Thomas Keatley was stopped in his Vauxhall Corsa on a slip road at the Littlebrook Interchange near Dartford on June 7.
He told officers: "I know why you're here."
Prosecutor Jonathan Polnay said a Forehand and Wadsworth double action revolver wrapped in a carrier bag was retrieved from the glove compartment. Almost £400 was also found.
Keatley said he bought the weapon from Ray Mills, a registered firearms dealer in Gravesend, for £475.
He added he was interested in guns as a hobby and planned to put it on the wall or lock it in a box.
He was barred from having a firearms licence because of criminal convictions. The gun, made between 1871-1890, was classed as an antique - but was not possessed as an ornament or curiosity, said Mr Polnay.
Keatley was charged and remanded in custody.
Police, meanwhile, used keys taken from the car to open a lock-up garage in Crawley, West Sussex, where the registered tenant was Keatley's mother Deborah.
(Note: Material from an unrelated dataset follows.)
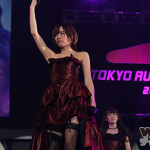 【ライブレポート】 大人アイドルprediaが東京オートサロンに３年連続出演し、新曲『刹那の夜の中で』を貫禄のパフォーマンスで披露！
He lived at her home there.
Mr Polnay said there were significant items there for use in the manufacture of firearms and ammunition.
"There was everything you would want to make bullets and firearms," he said. "In an ice cream box was an incomplete homemade pistol. He had manufactured a working pistol.
"Documents were found on a memory stick which was a plan of how to make that gun. The weapons have no conceivable lawful use whatsoever."
Also found was a bag containing 378g of cannabis with a street value of £1,890.
Mr Polnay said Keatley's bank statements showed a modest balance. But they also showed the purchase of gun-making equipment on the internet.
Keatley was jailed for five years for possessing a prohibited firearm - the minimum sentence he faced for the offence.
He was jailed for three years consecutive for manufacturing a prohibited firearm and one year concurrent for possessing prohibited ammunition.
He was given four months concurrent for possessing cannabis with intent to supply.
Judge Michael Carroll said the gun offences were "extremely serious", adding: "This was a determined effort on your part to possess two prohibited weapons. It is always concerning when there is the combination of firearms and drugs.
"Nothing other than a custodial sentence of some length can be justified."
The judge also ordered the weapons be destroyed.